These Ducks are still in full rebuilding mode after winning just 29 of their 71 games this season, including a Western Conference-worst 24 non-shootout victories. The Ducks were in sixth place in the Pacific Division standings primarily on the sturdy strength of goalies John Gibson and Ryan Miller, who bailed out their teammates all winter long.

Just three years after the Ducks reached the conference finals for the second time in three seasons, a long road back to Cup contention appears to loom in Orange County. Anaheim got largely disappointing performances from its collection of forwards – a star-free group outside captain Ryan Getzlaf – and the blue line was inconsistent while coach Dallas Eakins worked young talent into the lineup amid injuries and trade departures.

But during a second straight season without a playoff appearance – matching their total playoff-less seasons over the previous 13 years combined – Eakins and general manager Bob Murray saw signs of the team they want the Ducks to become. They’ll have an extra-long offseason to contemplate the next steps to get there.

”While we would have preferred to conclude our season normally and play 82 games, it became obvious over time that was not practical,” Murray said this week. ”We remain excited about our future and can’t wait for the 2020-21 season.”

SELDOM SCORING

Perhaps appropriately for a team with a long-standing reputation as an intimidating, defense-first organization, the Ducks’ biggest problems during their two-year playoff drought have been all about offense.
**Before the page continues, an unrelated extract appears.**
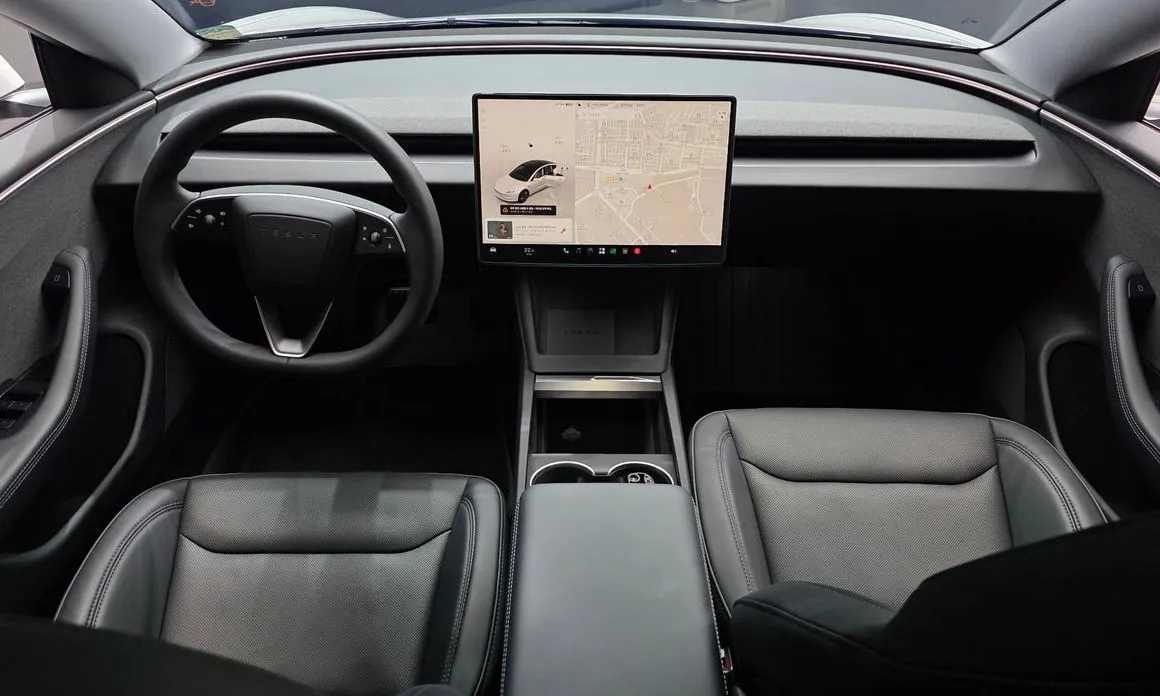 Tesla Model 3 — фото 7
Eakins was hired last summer to implement a speed-based system designed to produce more scoring opportunities, but it’s just not happening yet.

One season after Anaheim finished last in the NHL in goals, its minus-39 goal differential this season was the conference’s worst. Anaheim scored two or fewer regulation goals in a whopping 39 of its 71 games. Only Adam Henrique (26 goals) and Jakob Silfverberg (21) found the net with any frequency.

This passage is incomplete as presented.